I'm deeply introverted. I can go unbelievable stretches of time alone, and it takes me hours or days to deprogram from some interactions.
That said, I still don't get uncomfortable when I need to engage with someone.
Grow up, OP.
Well, good for you, but you don't get to tell other people how to feel. It's not unusual to feel uncomfortable engaging with in-laws without the spouse present.
OP, I get it. My in-laws came for a two-day visit while my H was deployed. They were and are lovely and gracious but it was pure torture for me. But they wanted to see their grandson and I obviously had to put aside my own feelings and make it nice for them.
As a fellow introvert, I do find that sometimes the anticipation of the event is worse than the event itself. Hope that is the case for you, OP.
Anonymous wrote:Anonymous wrote:I hate when people with social phobias, or just assholes in general, hide behind "being an introvert". Introversion simply means that you don't get your energy from other people. It doesn't mean you get feelings of dread at the thought of interacting with people.
I'm deeply introverted. I can go unbelievable stretches of time alone, and it takes me hours or days to deprogram from some interactions.
That said, I still don't get uncomfortable when I need to engage with someone.
Grow up, OP.
Well, good for you, but you don't get to tell other people how to feel. It's not unusual to feel uncomfortable engaging with in-laws without the spouse present.
OP, I get it. My in-laws came for a two-day visit while my H was deployed. They were and are lovely and gracious but it was pure torture for me. But they wanted to see their grandson and I obviously had to put aside my own feelings and make it nice for them.
As a fellow introvert, I do find that sometimes the anticipation of the event is worse than the event itself. Hope that is the case for you, OP.

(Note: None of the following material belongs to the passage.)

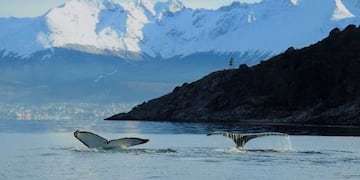 Ballena en el Canal de Beagle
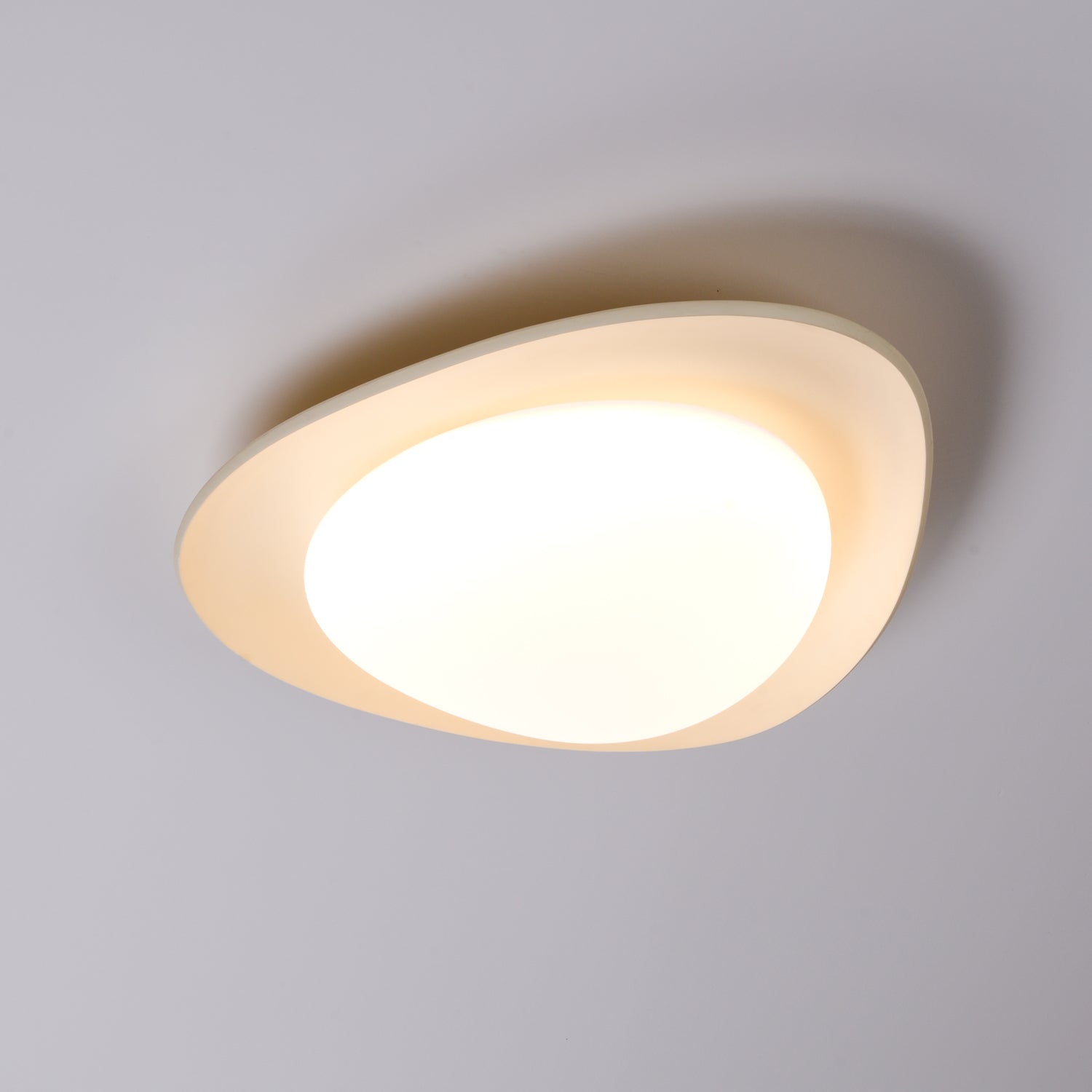 Fiolyn Leaf Ceiling Light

Anonymous wrote:I hate when people with social phobias, or just assholes in general, hide behind "being an introvert". Introversion simply means that you don't get your energy from other people. It doesn't mean you get feelings of dread at the thought of interacting with people.
I'm deeply introverted. I can go unbelievable stretches of time alone, and it takes me hours or days to deprogram from some interactions.

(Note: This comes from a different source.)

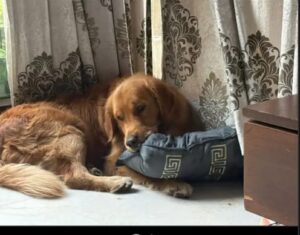 Scientist’s ₹1 Lakh Dog Stolen in Ludhiana.
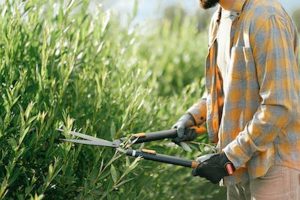 Wonen Plus Welzijn zoekt vrijwilligers met groene vingers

That said, I still don't get uncomfortable when I need to engage with someone.
Grow up, OP.
Anonymous wrote:Are you planning to have kids? Because all of a sudden that makes the ILs a different part of your life than they were before. You're connected in a much different way.
Better to have a good relationship with them--and having some comfort level with them without your DH is an amazing thing to have.

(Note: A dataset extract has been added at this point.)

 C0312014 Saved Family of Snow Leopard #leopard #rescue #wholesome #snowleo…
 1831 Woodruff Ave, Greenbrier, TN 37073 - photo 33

Unless there's some backstory you're not telling us, you go. This isn't a question.
Anonymous wrote:Anonymous wrote:OP, I completely understand why you don't want to go; it would be stressful for me, too. My guess is that your ILs are extroverts who kindly think you're lonely while DH is away. I think you should go, though, because they're trying to be nice.
What I don't understand is why people on this thread feel the need to tell the OP to "grow up" because this situation makes her uncomfortable and she doesn't want to go. This is the kind of situation that extroverts don't seem to understand, though. And, introverts have to go along or they're branded as rude or apparently, not grown up. OP's hesitancy to go to dinner with the ILs is not a personal statement about the ILs.
For the love - I am an introvert with mild social anxiety but being that way doesn't mean that I get a free pass to be rude and passive aggressive. It's one night. I get that it might wipe her out for a few days, but it's 90 minutes. That's shorter than some people's commutes or a sonogram visit. She can really suck it up, bank some positive karma with the in laws, and (possibly because my in laws would do this as would my parents) get a free meal. Her comment that her husband should have thought of her feelings and tell his parents to not contact her is just bizarre and childish. It is exhausting when my in laws come to visit but they also know how draining it is for me so work a balance out, but we've only gotten to this point because everyone acted like adults, I didn't cling to the "but I'm an INTROVERT! so pass me the fainting chair" nonsense.
OP - it's 90 minutes tops. Pick a place you like, get a drink, ask questions about his childhood to get the really funny stories, and plan for the mentally recovery the next day. It will pave the road for the future - especially when/if kids enter the picture.
Anonymous wrote:OP, don't go if you don't want to. You're an adult, and can make decisions for yourself.
Anonymous wrote:OP, I completely understand why you don't want to go; it would be stressful for me, too. My guess is that your ILs are extroverts who kindly think you're lonely while DH is away. I think you should go, though, because they're trying to be nice.
What I don't understand is why people on this thread feel the need to tell the OP to "grow up" because this situation makes her uncomfortable and she doesn't want to go. This is the kind of situation that extroverts don't seem to understand, though. And, introverts have to go along or they're branded as rude or apparently, not grown up. OP's hesitancy to go to dinner with the ILs is not a personal statement about the ILs.